Determining Hospice Admission Eligibility Using the Local Coverage Determinations

An area of concern and scrutiny during hospice admission and recertification is determining eligibility and accurately predicting prognosis. The Local Coverage Determinations (LCDs) for the geographic area in which your agency is located are considered guidelines to assist the hospice physician with determining eligibility. Ultimately, the decision to certify a patient as eligible for hospice services is based on the clinical judgment of the hospice medical director (or physician member of the interdisciplinary group (IDG)) and the patient’s attending physician, if applicable.

Understanding LCD Criteria

The Medicare Administrative Contractors (MACs) Cigna Government Services (CGS), National Government Services (NGS) and Palmetto have each created LCD guidelines for what they are looking to see for eligibility. We are publishing a series of blogs to help you understand the non-disease specific criteria that applies to all patients, as well as the disease-specific criteria to use for patients who have those disease processes.
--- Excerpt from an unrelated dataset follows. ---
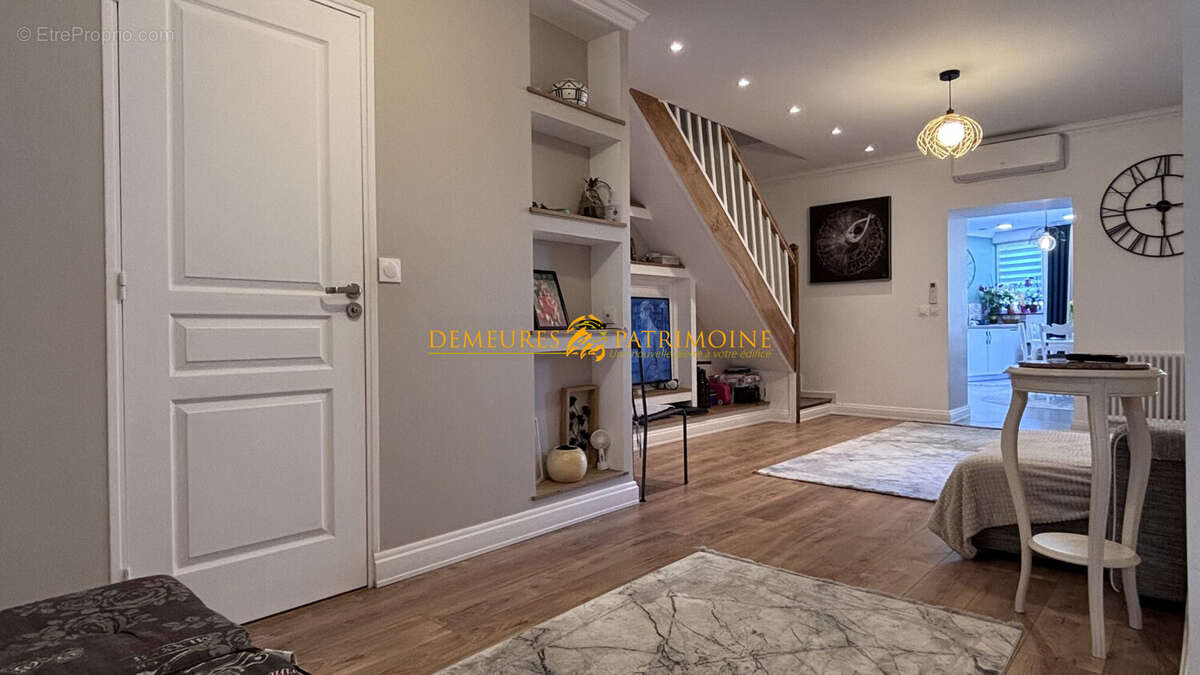 Maison à L&#039;ISLE-D&#039;ESPAGNAC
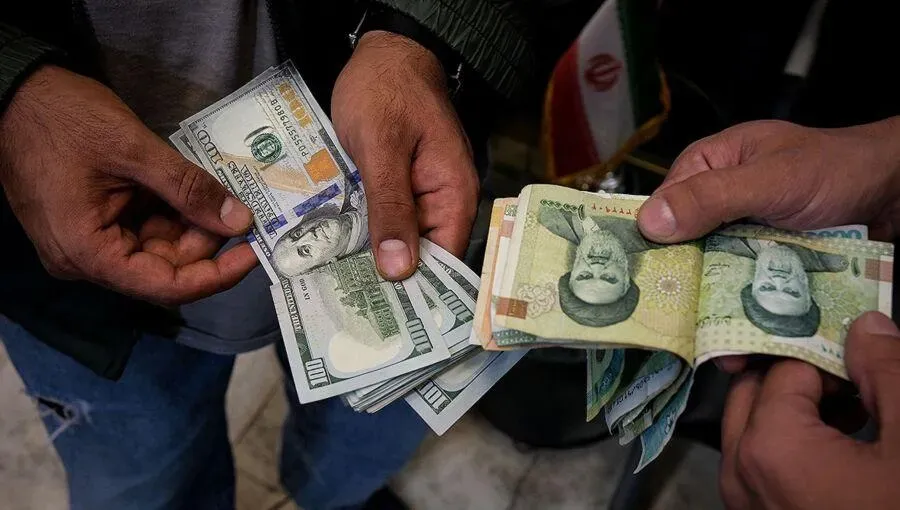 از دلار ۲۶۳ هزار تومانی تا افغانی ۴ هزار تومانی؛ ریال چگونه آب رفت؟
The LCDs are an important part of the information needed to determine eligibility.

However, if the patient does not meet any of the LCD criteria, it can be expected that increased regulatory scrutiny could occur, including Additional Development Requests (ADR). According to an Office of Inspector General (OIG) report , they are now investigating fraud for patients who had claims submitted and were not terminally ill. The regulatory scrutiny will only increase on live discharges, long length of stay patients, and questionable admissions. Clear documentation in the Certification of Terminal Illness (CTI) narrative by the hospice physician on eligibility and a strong knowledge of the LCDs will help agencies withstand the increased scrutiny.

The Medicare Benefit Policy Manual provides information on how certification for hospice should be documented. MLN Matters takes the information in Chapter 9 and offers additional details to assist agencies with writing a compliant CTI narrative to justify hospice certification. Agencies should be knowledgeable in how to best document eligibility in the hospice software in order to manage the increased scrutiny that is sure to come.

With a strong understanding of the LCDs and Medicare regulations regarding the content of certifications, agencies can feel confident in the ability to manage the heightened scrutiny that is only going to increase in the coming year. Robust clinical documentation in a hospice software that paints the picture of the patient’s eligibility at admission, recertification, and at each visit is more essential now than ever before.